Davidson, Matter of

Decision Date02 December 1991
Docket NumberNo. 91-1055,91-1055
Parties25 Collier Bankr.Cas.2d 1501, Bankr. L. Rep. P 74,358 In the Matter of David A. DAVIDSON, Debtor. Nancy Y. DAVIDSON, Appellant, v. David A. DAVIDSON, Appellee.
CourtU.S. Court of Appeals — Fifth Circuit

Michael F. Pezzulli, Carol E. Farquhar, Mary Gooch Noble, Pezzulli & Associates, Dallas, Tex., for appellant.

Ronald Z. Aland, Ungerman, Hill, August & Dolginoff, Dallas, Tex., for appellee.

Appeal from the United States District Court for the Northern District of Texas.

Before WISDOM, JOLLY, and SMITH, Circuit Judges.

JERRY E. SMITH, Circuit Judge:

I.

Nancy and David Davidson were married in 1977; they had no children and lived modestly for several years. In the last years of their marriage (1980-82), Mr. Davidson's income as a real estate broker increased dramatically, and the couple's manner of living became more extravagant. Mrs. Davidson, who had no college degree, worked for a while as a secretary for her husband. In 1982 the couple decided to divorce.

In 1983, the Davidsons signed a Marriage Settlement Agreement ("agreement"), which provided both for a division of marital property and periodic payments unsecured by, and unconnected to, any marital property. The relevant provisions are set forth below:

SUPPORT OF SPOUSE

8.01 Periodic Payments.

A. Amount. Husband contracts and agrees to pay with [sic] Wife, for her support and maintenance, periodic payments as follows:

1. The sum of $1,583 each and every month beginning on the 1st day of May, 1983 and continuing for one hundred twenty (120) subsequent months, payable on the first day of each month thereafter, for a total period of 121 months;

2. The sum of $6,149 each and every month beginning on the 1st day of May, 1983, and continuing for one hundred twenty (120) subsequent months, payable on the first day of each month thereafter, for a total period of 121 months;

....

B. Termination and Reduction. The payments provided in Paragraphs 1 and 2 above shall continue until terminated in accordance with the earlier occurence [sic] of the following events: (1) death of Wife or (2) after the 121st payment.

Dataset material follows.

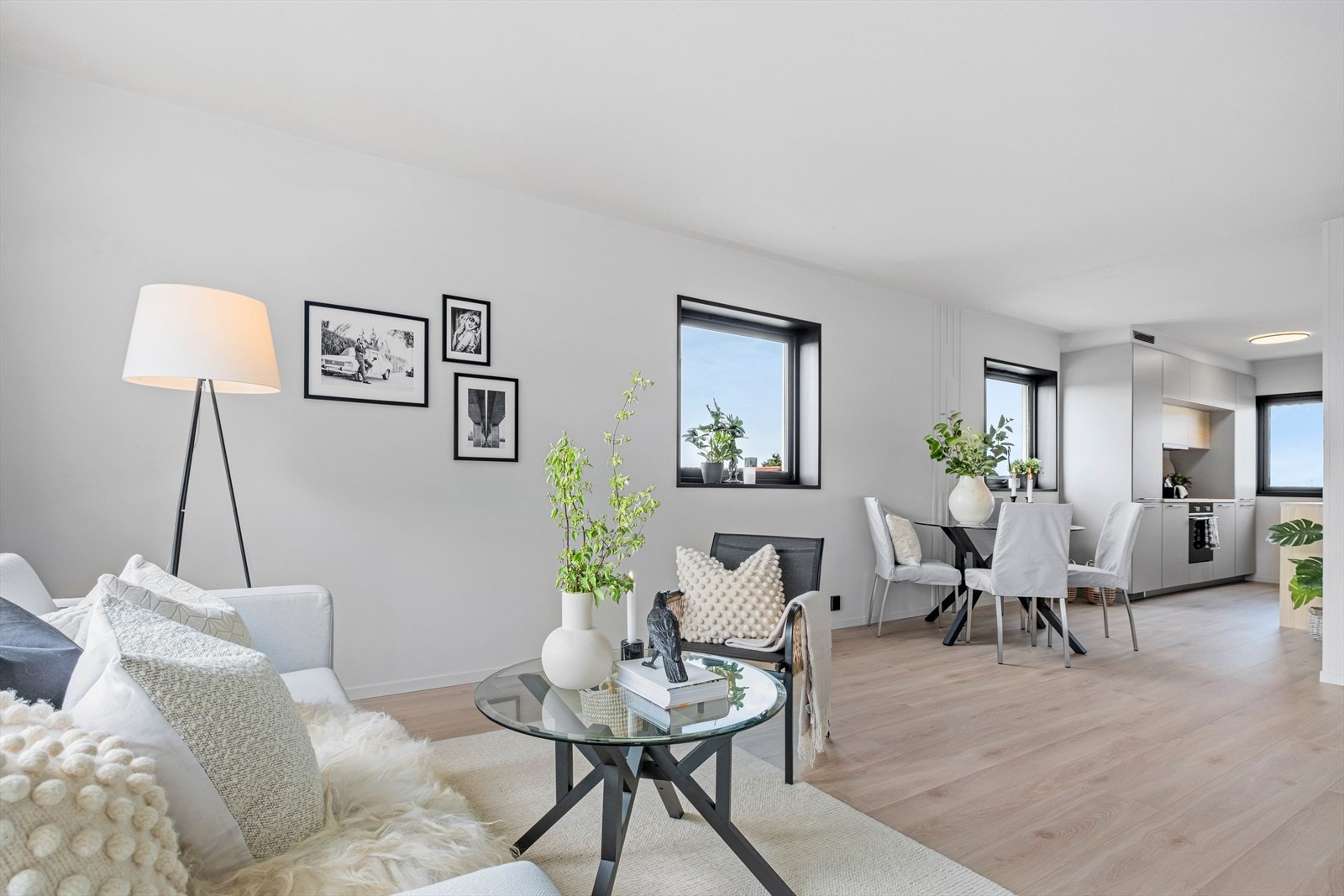 De lysmalte veggene fremhever det tidsmessige laminatgulvet. Galleribilde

Other portions of the agreement provided for periodic payments representing Mrs. Davidson's share in certain joint real estate ventures. These payments may be easily distinguished from the periodic maintenance, or alimony, payments because they terminated after twelve months and were to be reduced by any proceeds received by Mrs. Davidson from the sale of any part of the real estate ventures.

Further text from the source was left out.